# Big Nasty boar down!



## bobfishbw (Feb 3, 2009)

Here is a short video of a pig I killed the other evening. Enjoy!


----------



## AirbornXpress (Sep 27, 2006)

*Nice*

Nice shot and cool wideo!:cheers:


----------



## hog_down (Jan 11, 2010)

Great video and nice shot on that big SOB


----------



## DCAVA (Aug 5, 2013)

cool deal buddy!!


----------



## Law Dog (Jul 27, 2010)

Great video and nice shot on that pig.. What program are you using for the film editing? Great job..


----------



## prophead (May 25, 2012)

*pig kill*

what type of broadhead & size did you use?


----------



## bobfishbw (Feb 3, 2009)

Law Dog said:


> Great video and nice shot on that pig.. What program are you using for the film editing? Great job..


Pinnacle studio 16 ultimate. I just upgraded. Still learning how to use it.

Sent from my SAMSUNG-SGH-I747 using Tapatalk


----------



## bobfishbw (Feb 3, 2009)

prophead said:


> what type of broadhead & size did you use?


100 grain Montec. Arrow total weight is 380 grains. My bow is slinging them 295 fps w/ 72 lbs of KE.

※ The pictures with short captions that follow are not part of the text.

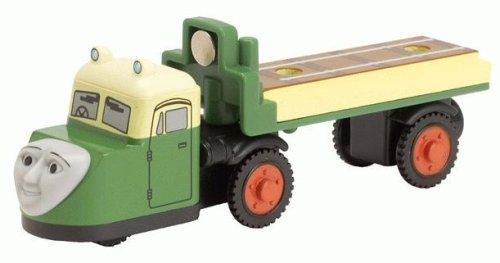 楽天市場】ラーニングカーブ きかんしゃトーマス 木製レールシリーズ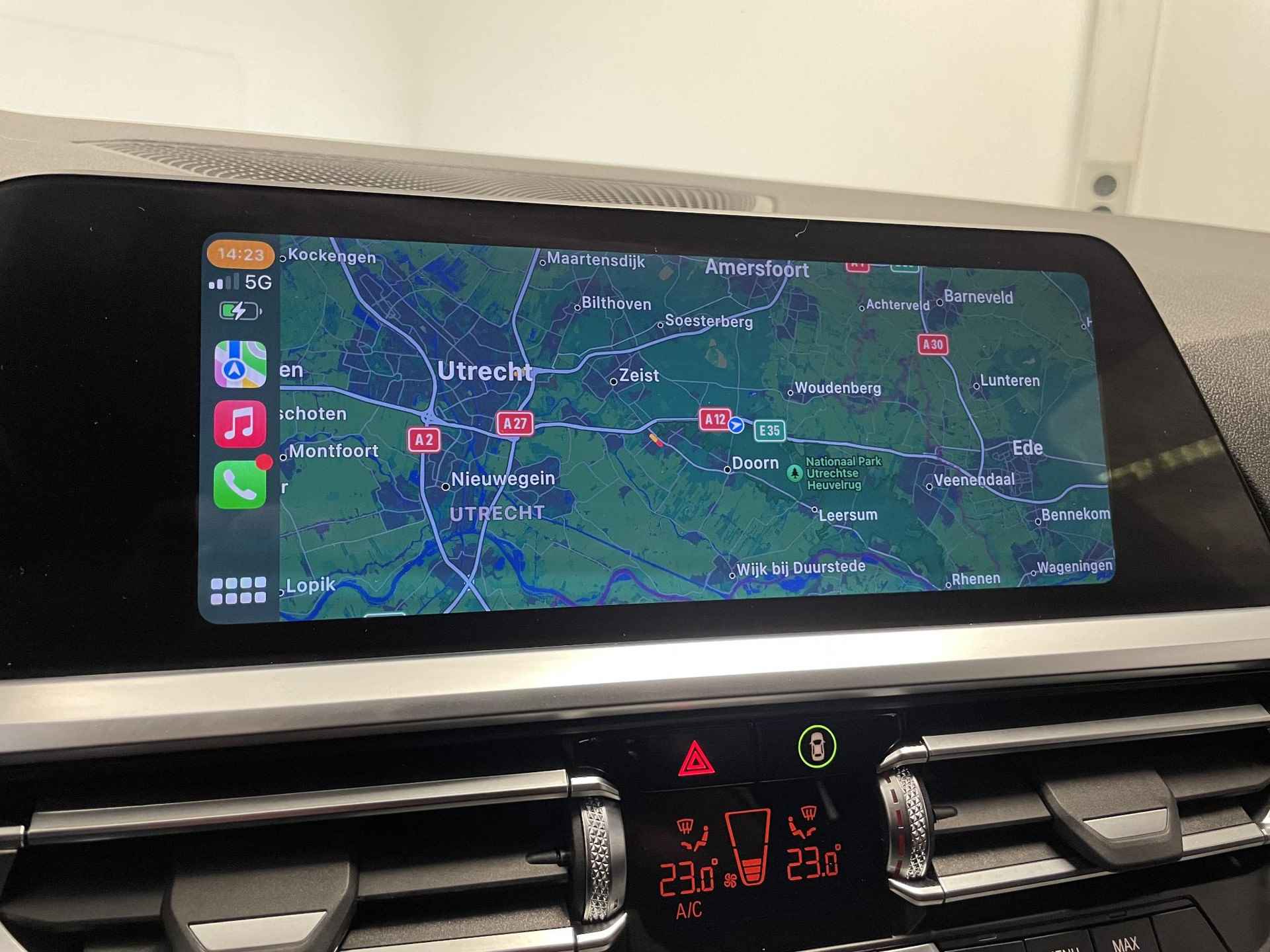 BMW 3-serie Touring 318i M-sport | 1e-EIG. | CARPLAY | LED | - 20/39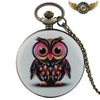 L'Amulette Victorienne – Montre Gousset Full Hunter Illustrée Quartz - 3 - Gousset-heritage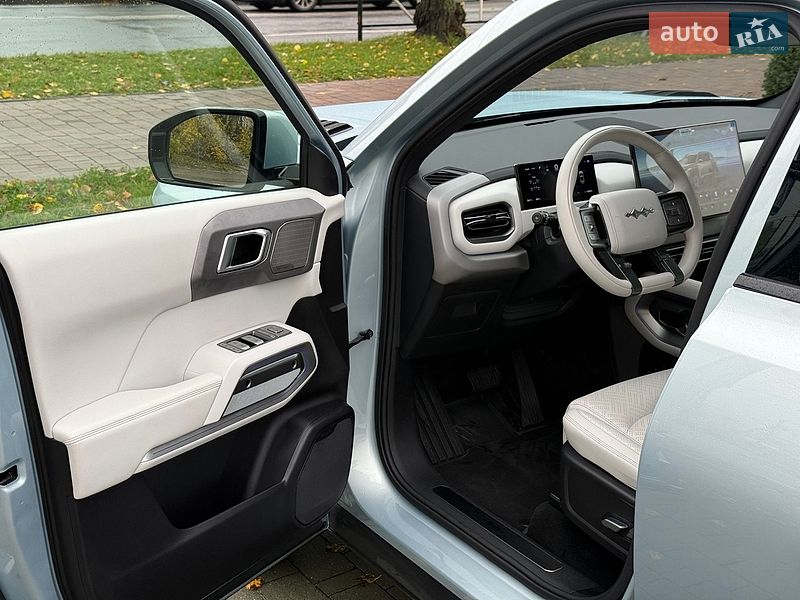 Позашляховик / Кросовер BYD Leopard 3 2025 в Хмельницькому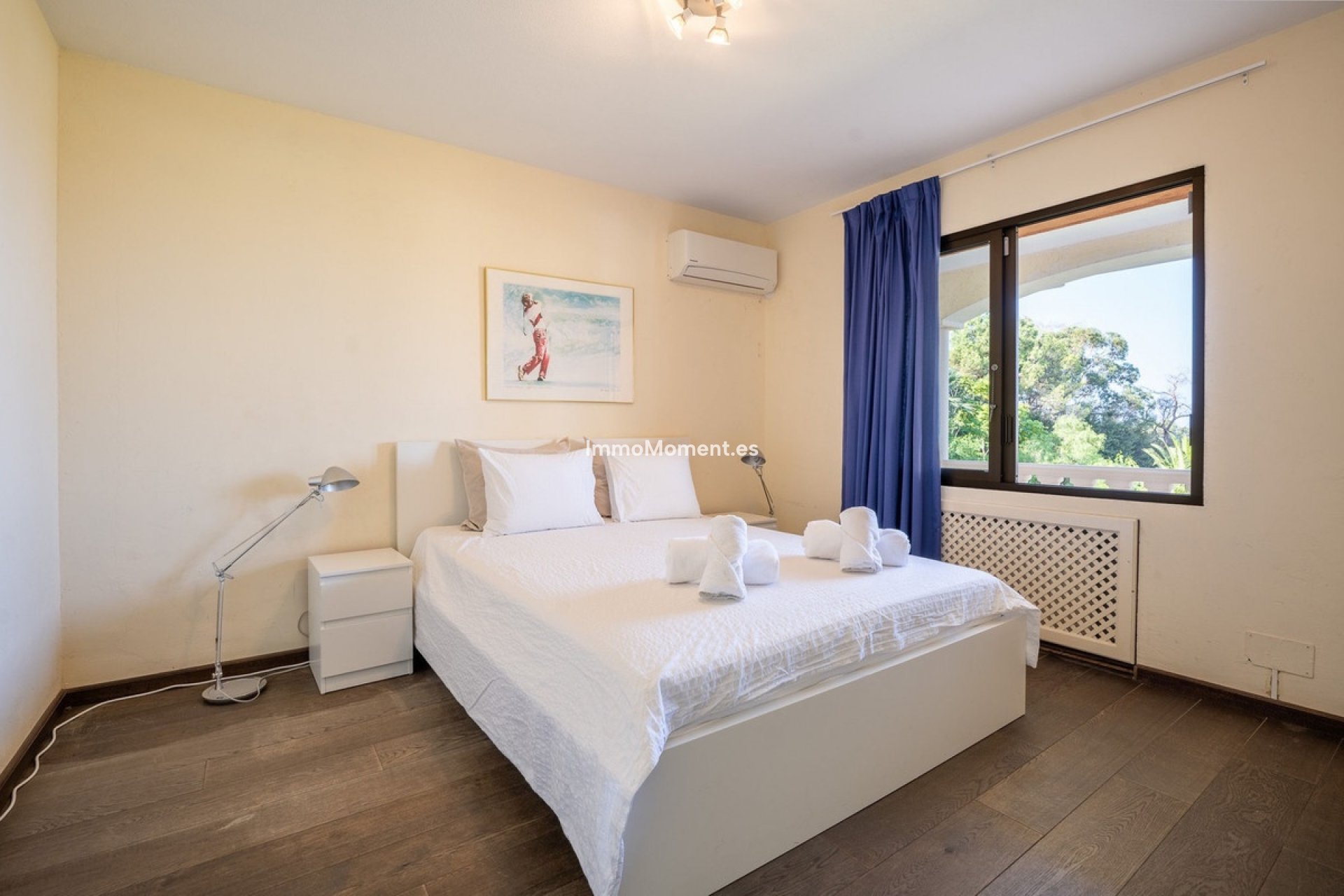 Reventa - Villa independiente - Marbella - El Rosario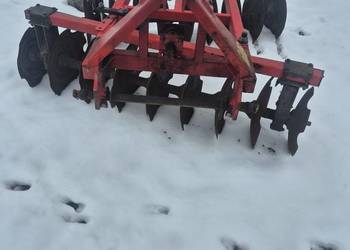 Brona talerzowa talerzówka strumyk 2m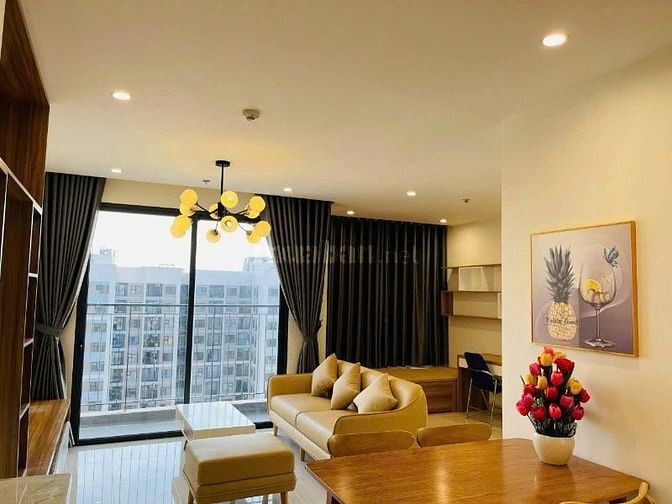 2PN/2.2Tỷ Căn hộ Nguyễn Thượng Hiền Full nội thất_SHR_Góp 15N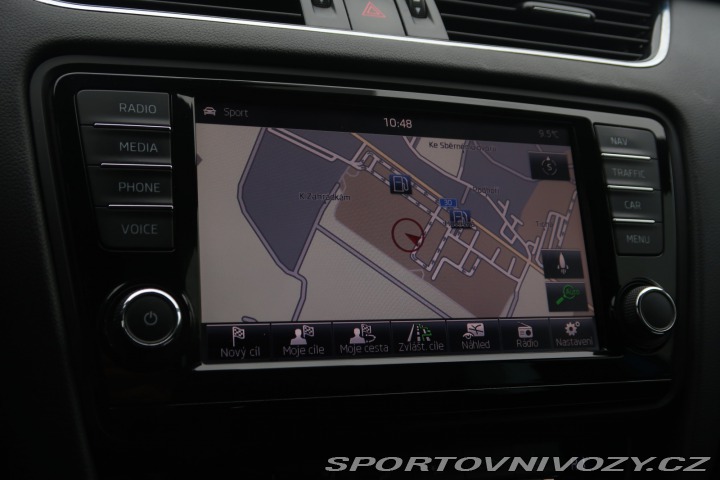 Škoda Octavia RS RS RS 2.0 TDI 2014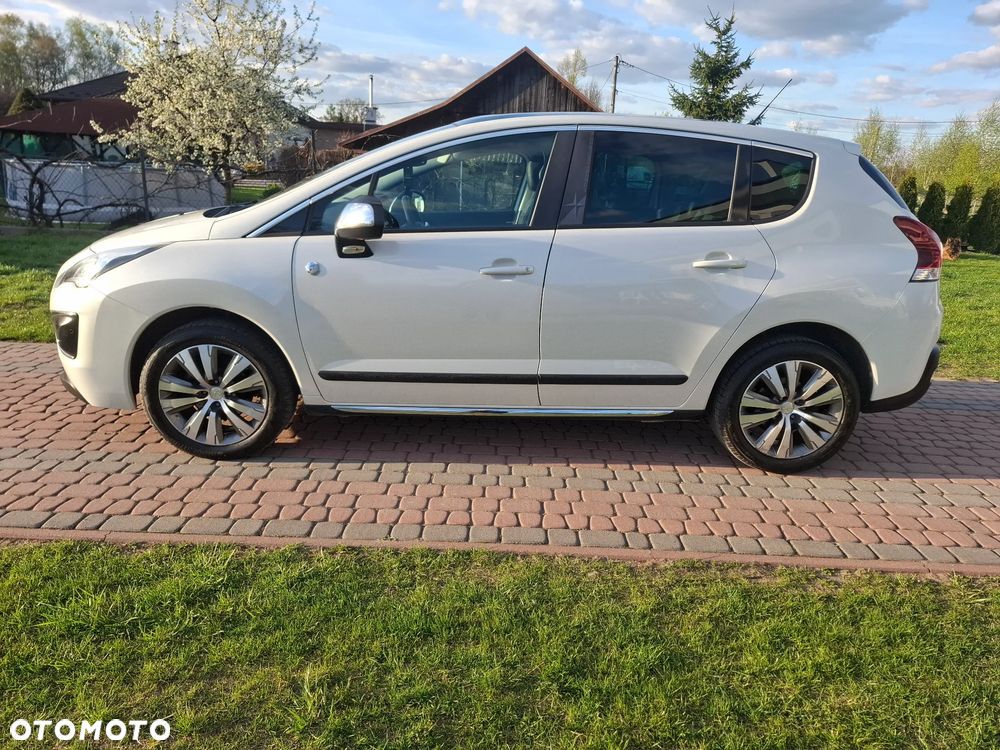 Peugeot 3008 1.6 BlueHDi Crossway S&S - 9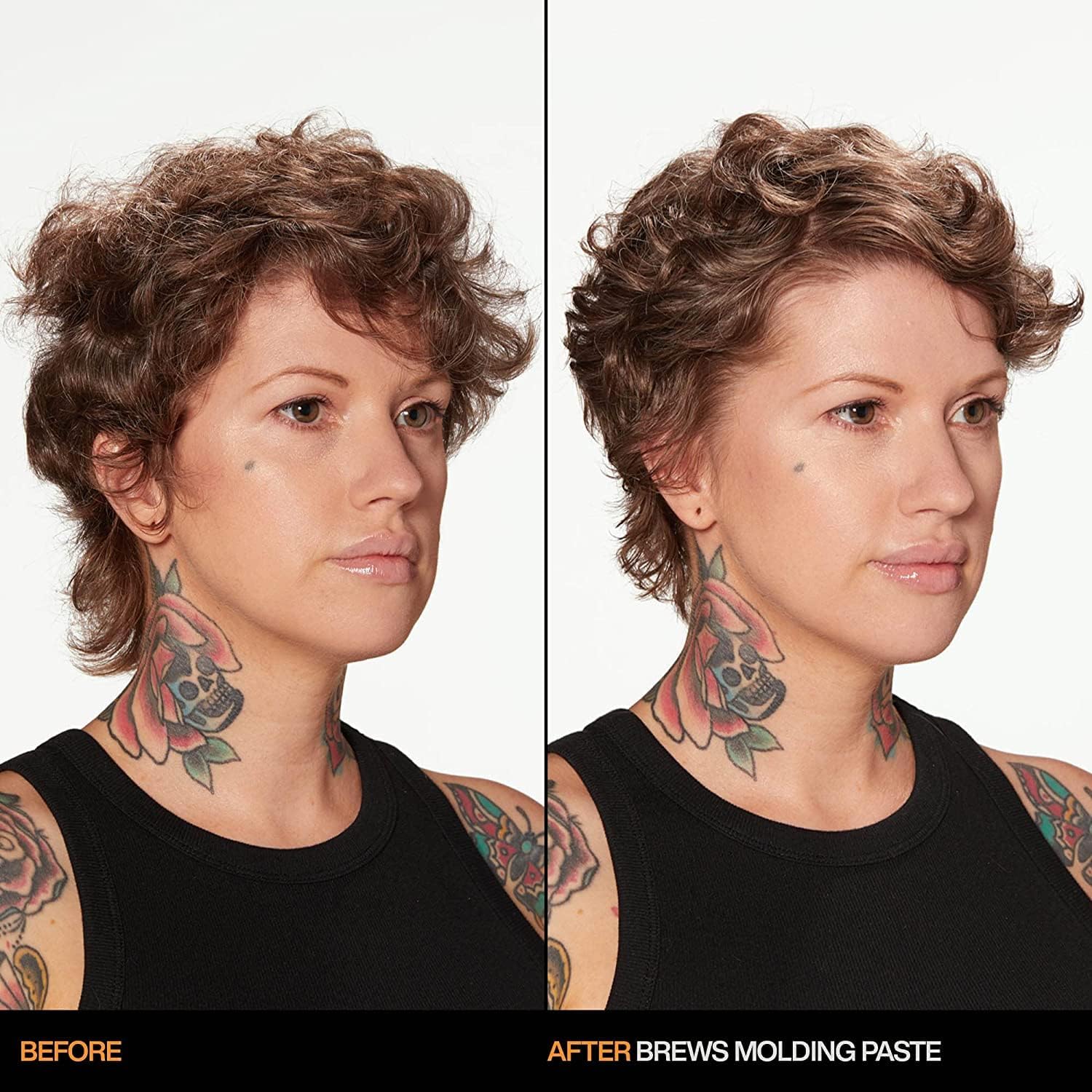 Redken Brews Molding Paste Hair Styling, 150mL 🍁 All In One Marketplace Canada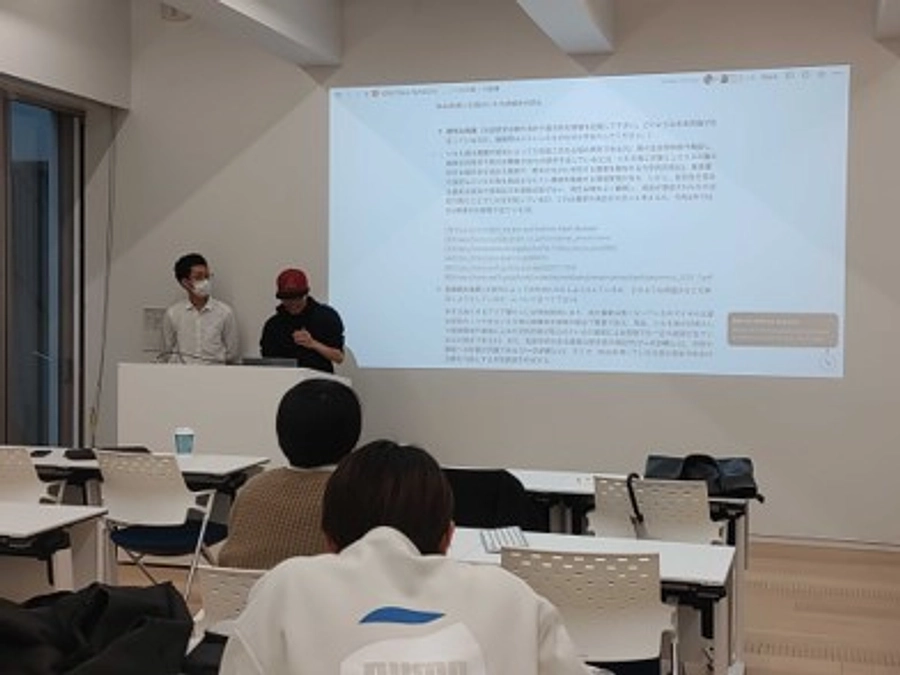 プロジェクト終了まで残り7日！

Sent from my SAMSUNG-SGH-I747 using Tapatalk


----------



## Poon Chaser (Aug 22, 2006)

awesome


----------



## Rack Ranch (May 25, 2004)

Cool deal, I shot a big boar friday evening and that sum buck ran off with my 20.00 arrow sticking out of his side... ticked me off


----------



## bobfishbw (Feb 3, 2009)

Rack Ranch said:


> Cool deal, I shot a big boar friday evening and that sum buck ran off with my 20.00 arrow sticking out of his side... ticked me off


Lol. That sucks...


----------